The Ahoms, a tribe of Shans in northern Burma (now Myanmar), migrated into the plains of Assam in 1228 AD, and established their kingdom, comprising in course of time, the whole of the Assam valley, with a heroic prince Chaolung Su-Ka-Pha at the helm of affairs. Su-Ka-Pha, in essence, belonged to the Shan state of Maulung (Tai-Mao) in upper Burma, a principality that occupied the area around what is today known as Xishuangbanna or, in Tai (language), Sip Song Pan Na (implying twelve thousand rice fields).

In fact, the Ahoms were the representatives of the great Tai race of the Mongolians, who now inhabit vast regions of southeast Asia. They gave Assam its modern name and in course of time, identified themselves with the mainstream Assamese society. Initially occupying a small territory, mainly confined to a portion of eastern Assam, it gradually extended westwards; and with the end of the Mughal wars in 1682, it extended up to the river Manaha, opposite Goalpara. This limit remained unaltered till the eventual culmination of the Ahom rule in 1826.

The six-century-old Ahom rule has always thrown up a plethora of questions; prominent among them being as to how it was literally possible for the Ahoms (whose numerical strength was much inferior as compared to those myriad and variegated conquered races) to continue in power for six long centuries. Two basic factors stand out prominently to explain the enduring efficiency of the Ahoms. First, the Ahoms passionately loved both their state (Assam) and its subjects with emotional fervour. They described Assam as a sonar saphura, (casket of gold), and would never allow any outsider to have a footing on their land and any misdeeds to tarnish its fair name. Second, the Ahoms had an innate knack to take full advantage of the surroundings and circumstances in which they were placed, and adjust their administrative policy in accordance with the available resources and opportunities of that particular set-up.

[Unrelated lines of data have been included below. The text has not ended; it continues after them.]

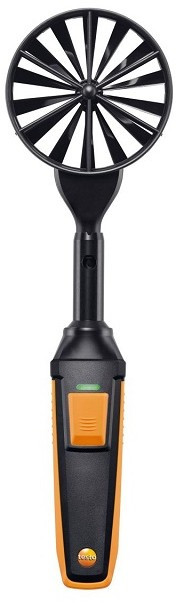 Комплект Testo 440dP для вентиляции №2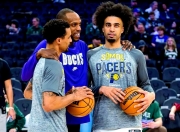 开云体育app-关于雄鹿B队绝杀篮网B队，乔治·希尔统治全场的信息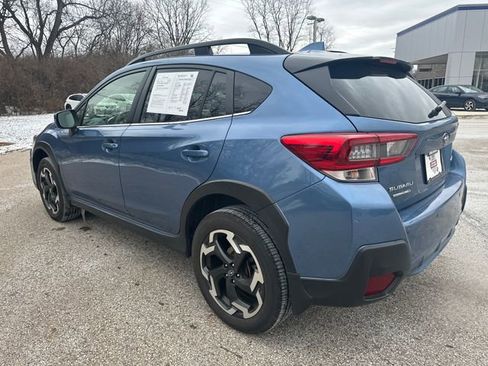 Used 2023 Subaru Crosstrek 2.5i Limited image 5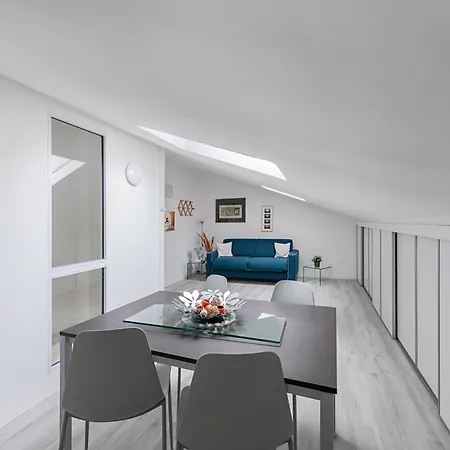 Maisonnette Il Todeschino B12 By Wonderful Italy דירה סירמיונה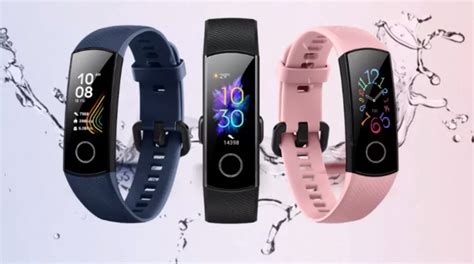 Huawei honor band 4 running wristband waterproof sleep monitor bt4.2 smart watch. Xiaomi Mi Band 4 Vs Honor Band 5: Price, Features and ...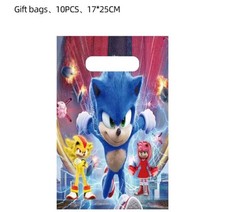 10 X Cartoon SONIC The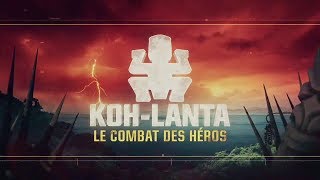 parodie Koh Lanta le combat des héros la finale partie 2 [upl. by Etnasa]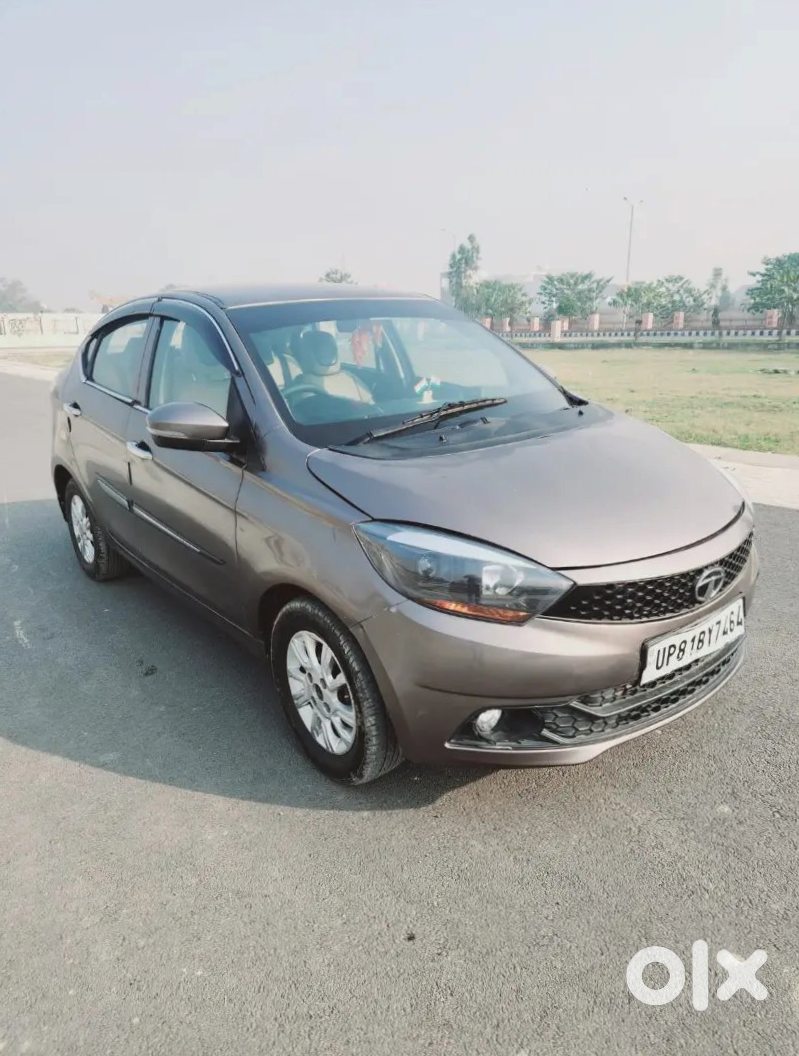 Tata Tigor 2022 - Almost Showroom Fresh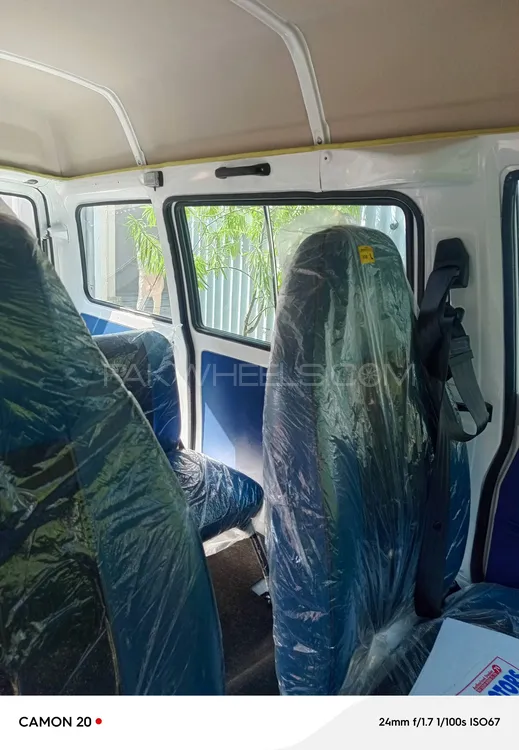 Suzuki Bolan 2024 for Sale in Chakwal Suzuki Bolan 2024 for Sale in Chakwal Image-7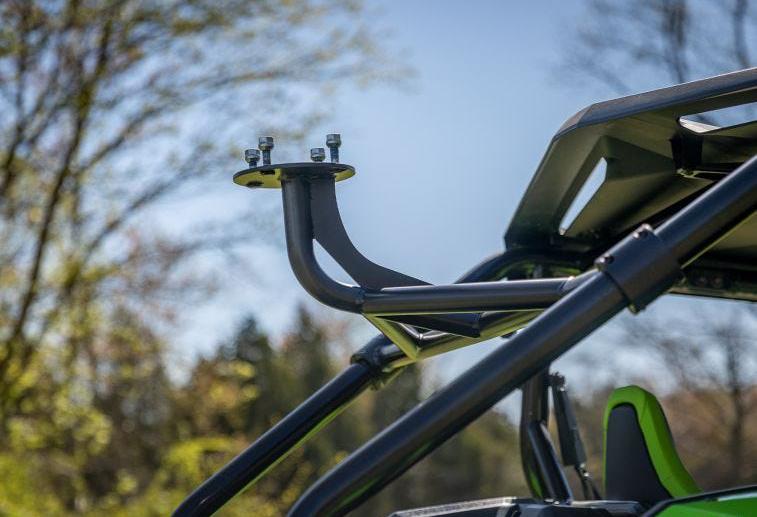 SuperATV Spare Tire Carrier Honda Talon 1000R/X 2019+ (2 Seater) - Image 5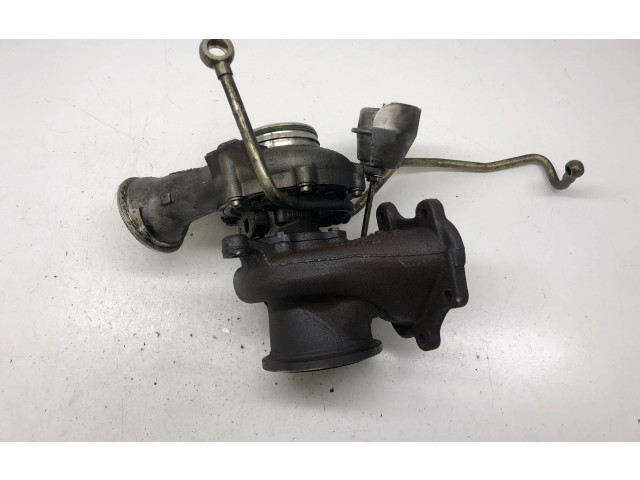 Turbodmychadlo Турбина 10009700118, 18509700002   Volvo XC60   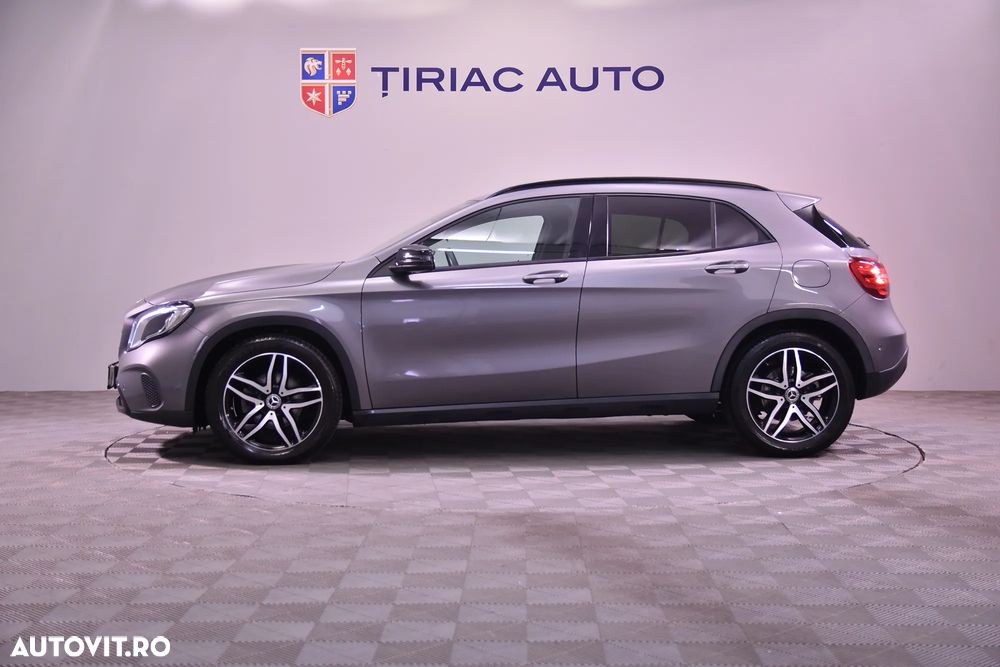 Mercedes-Benz GLA 200 d 4MATIC Aut. - 2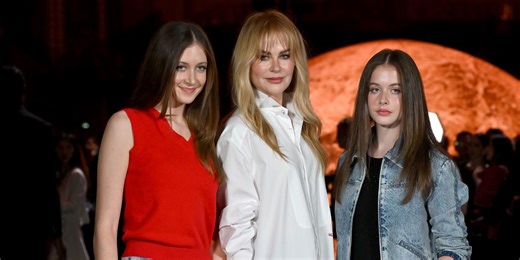 Nicole Kidman Reveals the Biggest Difference Between Her Teen Years and Her Daughters’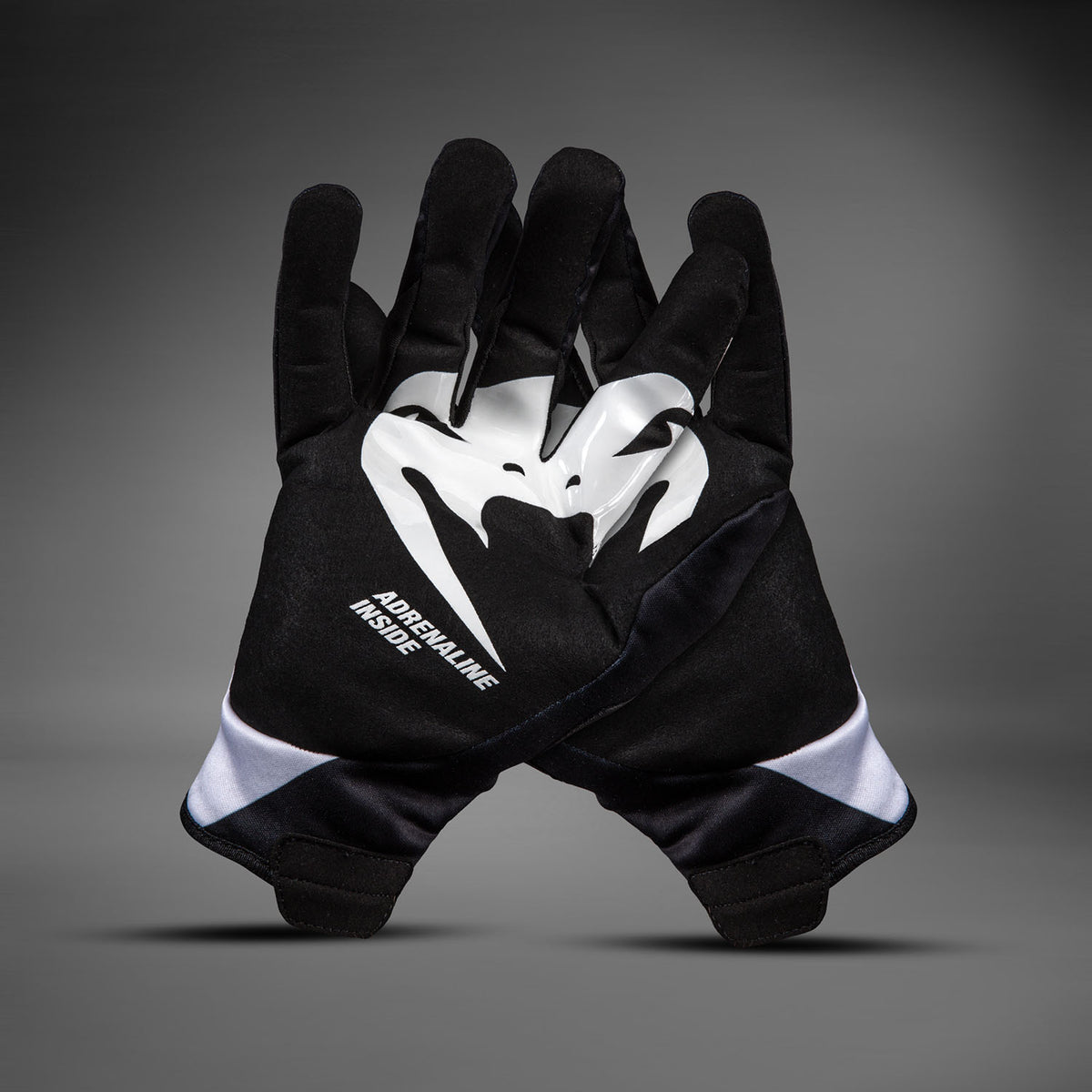 Venum MX Guanti da Motorsports invernali - Nero/Bianco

This apart, one of the greatest contributions made by the Ahoms to Assamese culture was the custom of compiling chronicles, which were first written in the Ahom language, and subsequently in both Assamese and Ahom. All political transactions were recorded in the chronicles or buranjis, and were mostly compiled under officials, auspices to serve as precedents. These Ahom literary remains can unquestionably claim to be rich treatises and chronicles. Lexicons from Assamese to Ahom and vice-versa were also compiled; the Ramayana was also rendered (translated) in the Ahom language. Indeed, the Ahoms left a deep and indelible imprint on the entire fabric of Assamese society during the six centuries of their rule.

In consonance of the immense contribution of the Ahoms, a need for an enriching website was felt, not only to keep everyone abreast of this colourful community’s hallowed history, culture and language; provide information about educational institutions, research centres and even career options, but also at the same time, let the world know about its origin and present status with a sole objective to keep alive its rich language, script and culture. A brainchild of four young-turks, Bijoy Bakal, Jaba Borgohain, Titu Kumar Hazarika and Buljit Buragohain, the website billed as, was formally launched on July 26, 2009, at the Guwahati Press Club. With all essential and informative inputs, the website will surely act as an information storehouse of this chivalrous community.

References: Studies in the History of Assam: Dr Suryya Kumar Bhuyan; Politics of Regionalism in Northeast India: Dr Girin Phukon; Rulers of India – Babur: Prof Stanley Lane-Poole.